Moore’s Law states that computing power will reliably double at a decreased cost every two years. This aligns with a growing trend in markets, whereby increases in technological prowess and capabilities, has decreased the time it takes to move products from conceptualization to commercialization. This means that technological advances that might give companies an upper hand on their competitors do not translate into sustainable competitive advantages because they are easy to copy and quickly rendered obsolete.
Take the mobile industry, which until recently had such high barriers to entry, that only a few service providers shared the pie. Mobile applications were initially not regarded as an essential part of the sale process. The focus was on what capabilities your phone had, what functions it was able to perform and how powerful it was. You had a few apps, but it had an insignificant effect on the actual sales of your handset.
This all changed with the arrival of Apple’s Iphone and the resulting success of its thriving App store. No longer did companies compete based on what functions they had built into their devices, be it the size of the screen, camera megapixels, battery life, and handy carrier-selected applications. The commercialization process shifted its focus, away from the consumers, to approaching hardware companies to attempt to convince them to make devices based on a platform, then getting a network operator to sell the device, and finally getting software developers to develop applications for the devices. It was then up to the consumer to decide which devices succeeded and which ones failed.
As companies continued to churn out an increasing variety of mobile applications, consumers ceased to pick their network carrier first and their phones second. Instead, they chose a device not for the network or its functions, but for what apps where available on it. Granted the apps still depend on your operating system (OS), however, it is now not a matter of creating an OS users will like, but one developers will like and make apps for, and this has left mobile industry leaders struggling to compete.

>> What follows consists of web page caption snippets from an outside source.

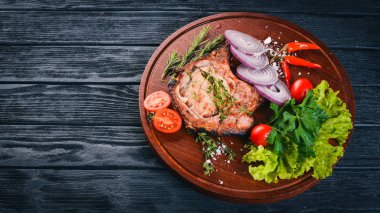 Sebzeli ızgara biftek. Domuz eti, Dana eti, et. Ahşap bir arka plan üzerinde. Üstten Görünüm. Metin için boş alan.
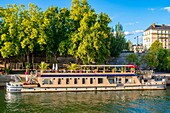 France, Paris, area listed as World Heritage by UNESCO, the banks of the Seine, quay Henri IV, barge restaurant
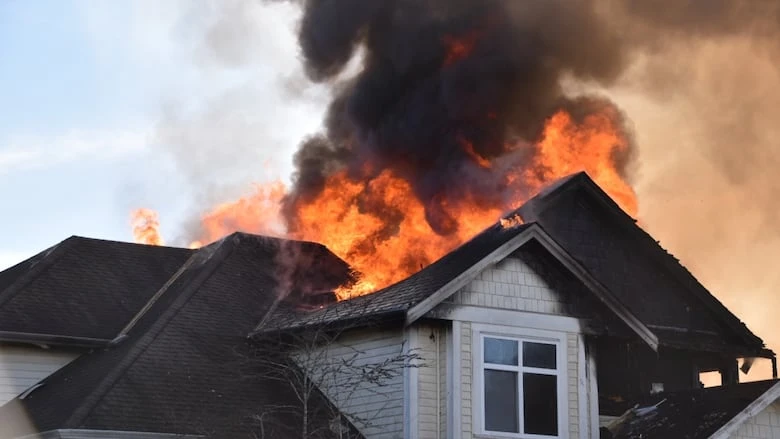 The upper portion of a Langley, B.C., home is engulfed in flames.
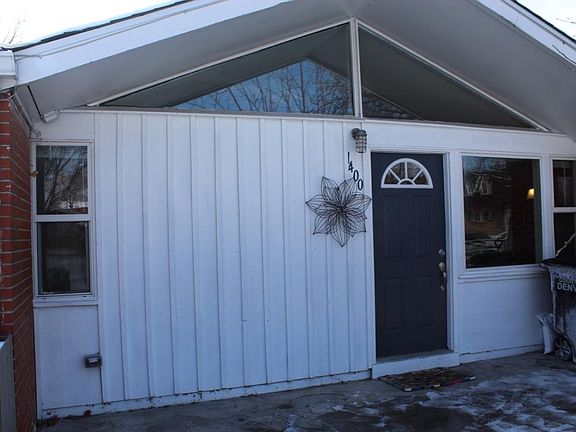 Front entrance with fence around front patio.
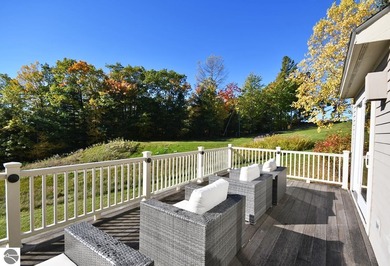Welcome to this stunning home! Chimney Ridge 8 is situated along on Mountain Flowers Golf Course in Michigan - for sale on GolfHomes.com, golf home, golf lot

The introduction of apps to the mobile platform has revolutionized the way firms compete in the mobile space. This is no more apparent then from the current events taking place at the 2010 GSMA Mobile World Congress being held in Barcelona. The craze this year has been mobile applications: mobile operators are realizing that in order to be able to compete with the likes of Apple and Google’s Android, they will have to enter this market. This has led to a number of them joining forces-something we would not have seen in the past.

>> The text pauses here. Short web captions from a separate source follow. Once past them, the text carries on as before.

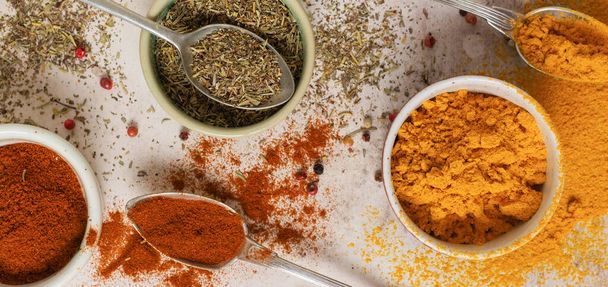 Various spices and seasonings: turmeric, paprika and provencal herbs on light brown stone background. Cooking background and copy space for text, top view. - Fotografie, Obrázek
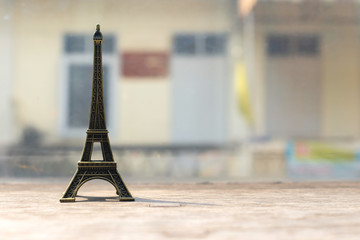 Eiffel tower miniature on concrete table with blurred background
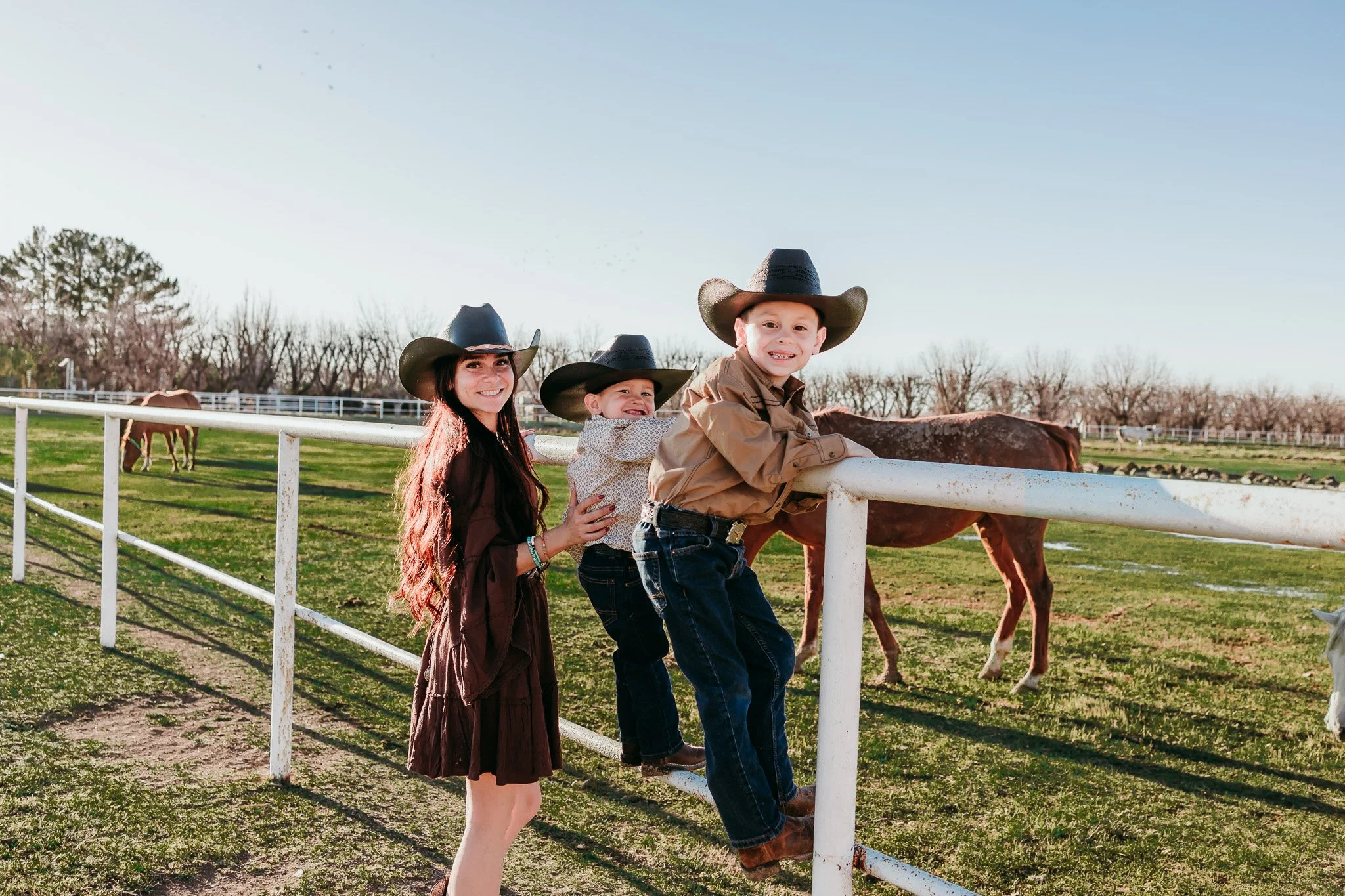 Mother hugging her children beside horses during a western family photography session in La Mesa, New Mexico.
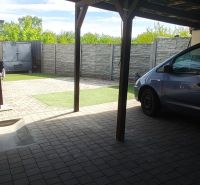 Carport at a family house on Mlynska Street in Blatne with a paved area.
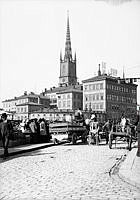 Södra sidan av Riddarholmen med Gamla Riksdagshuset och Riddarholmskyrkans torn. Vy från Munkbron med torghandel. Transport från Sankt Eriks bryggeri.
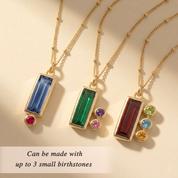 Personalized mom birthstone necklace with one large baguette stone representing mom and up to three small round birthstone charms representing her children.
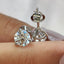 Round Diamond Stud Earrings In White Gold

On the first day of the conference, twenty-four of the world’s leading network providers announced that they had formed an alliance to build an open global platform, application store to unite the numerous fragmented app stores in order to make the apps available in a centralized position for people to download. This also allows them to deliver applications across different mobile platforms and was supported by device makers Samsung and Sony Ericsson. Orange, O2 and Vodafone, mobile providers in the UK, also joined forces, in an attempt to take on Apple’s app store.
A company that has been able to take advantage of this change in what consumers look for, is Google. Google is becoming a big competitor in the mobile landscape: first releasing their open source operating system Android, and then releasing their specked out Nexus One in Q1, 2010. At this years Mobile World Congress (MWC), Google was present, however mobile giant Nokia wasn’t. Google revolutionized the platform game, by making its own Android platform open source. It used to be that you had a platform and kept it closed, and anyone who wanted to use it had to license it from you and pay a fee. Google has changed this model and made open source the way to go, as we can see from the slew of android phones coming out.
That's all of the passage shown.